Six Top tips on writing characters

August 31, 2015 | By | 1 Reply More

Dinah Jefferies 002(1)I had to cut 49,000 words from the 100,000 word manuscript of my third book, The Silk Shop in Hanoi. Of my two point of view characters, one wasn’t working. I tinkered, I edited, I tore my hair, and yes, I swore, but the character was still wrong and had to go. It was heartbreaking and added over three months of re-writing to the time I’d already devoted to the manuscript. The good news is that I learnt so much more about my characters because of it. Not that I’d want to have to do that again. Ever! But it made me think about what makes a great character.

What comes first? Plot or character? It turned out my character didn’t work because my plot (and plot structure) was skewed. It’s fashionable to say characters before plot, but I was at the Cheltenham Literature Festival in 2014 listening to Sarah Waters speak about this. She’s the writer with more novels turned into film or TV dramas than any other female British author.

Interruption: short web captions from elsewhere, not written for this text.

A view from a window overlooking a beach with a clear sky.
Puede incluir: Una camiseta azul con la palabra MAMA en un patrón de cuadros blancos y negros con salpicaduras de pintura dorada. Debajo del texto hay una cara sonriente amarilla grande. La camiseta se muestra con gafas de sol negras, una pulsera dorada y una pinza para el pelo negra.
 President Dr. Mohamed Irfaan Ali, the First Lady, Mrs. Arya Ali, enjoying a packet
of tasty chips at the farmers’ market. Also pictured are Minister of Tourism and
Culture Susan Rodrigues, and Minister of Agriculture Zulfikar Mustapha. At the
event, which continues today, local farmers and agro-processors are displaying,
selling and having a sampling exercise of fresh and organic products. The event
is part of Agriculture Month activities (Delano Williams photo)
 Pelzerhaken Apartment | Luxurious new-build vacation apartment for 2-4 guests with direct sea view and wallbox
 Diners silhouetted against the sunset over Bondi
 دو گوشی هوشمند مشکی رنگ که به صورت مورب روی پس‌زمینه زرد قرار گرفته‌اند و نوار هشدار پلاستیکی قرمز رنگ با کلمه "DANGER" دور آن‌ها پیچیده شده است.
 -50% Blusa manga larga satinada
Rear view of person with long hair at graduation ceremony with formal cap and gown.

She sees herself as a storyteller first and foremost and, while her characters are absolutely vital ( and quite wonderful!) plot comes first. This is how I work too. My tip isn’t that you do what I do, but that you discover what works for you. Believable engaging characters are essential and many authors write detailed bios for each one. I don’t. I find it deadly boring. I need to understand my characters by telling their story. I will have thought about who they are, but for me it’s only when they start doing stuff that I get the real clues. If bios help you, then write them. They aren’t compulsory.

Yes or No? A writer I know is looking for an agent. He was annoyed that several rejection letters told him the main character wasn’t likeable. It’s the wrong word. Your reader doesn’t have to ‘like’ your character but he or she must feel it’s worth engaging with you character, must care enough about the character to want to know what happens to him/her, and must be interested enough in your character to want to root for her.

Emotion matters. Stating the obvious; your character needs a story goal. We need to see what really matters to him or her, and we get to know the character, not because of what happens to him/her in pursuit of her goal, but because of how she responds to what happens. And what she does next. Show her responses. Show emotional responses, physical responses, decisions. But above all show us how your character feels, so that the reader can feel it too. Reading is a vicarious experience. We want to feel a character’s anguish and confusion, her joy and her pain.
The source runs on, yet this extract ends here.